Note: I manually pre-prepended 10 bytes of 0x00 to my encoder's output to more easily match with results from BRRTools.

p.p.s I have a the SNES source code and SPC700 source, I didn't bother to upload it.. Hmm I'll do that now.
Everything is in the snes_side directory and can be compiled with WLA and Tasm. I'm not going to get into instructions. Good_music.smc is with the BRRTools, and bad_music.smc is with my brr encoder. Of course, with filtering, the good_music sample can be even better. Tried it.
Re: Trying to Understand BRR
by on (#115182)
I would really love to find a thorough explanation behind the picking and choosing of range and step values. When you look at my code you might understand my logic in how I chose. (Apparently I have no knowledge in this area DSP, but I did look at some pages of the signature DSP articles that Tepples always referred to, I believe from years ago: XXX page (not caring to find it )

I also haven't really investigated into ADPCM, perhaps that research may shed light on what I am looking for in understanding waveforms in English. And performing the comparisons of results using different range values and step values and how to find the best one.
Re: Trying to Understand BRR
by on (#115187)
The simplest approach for a BRR encoder would be to not use any of the filters (i.e. use filter 0).

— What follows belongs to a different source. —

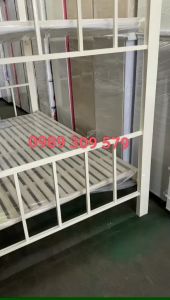 GIƯỜNG TẦNG SẮT HỘP VUÔNG 4X8 MÀU KEM CAO CẤP HCM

The next simplest approach would be to, for every block in the sample, try all possible filter settings and compare the result to the original audio data (e.g. using the mean of squared errors, or some more advanced measurement if you prefer) and use the filter setting that results in the closest match. You could expand this to take neighboring blocks into account.
Re: Trying to Understand BRR
by on (#115190)
I think I'm going to try encoding at different ranges, and decode, get absolute deviation for all points, get an average deviation. After doing this for all levels, compare for smallest average deviation and select that range, use it's precalculated values for the BRR packet.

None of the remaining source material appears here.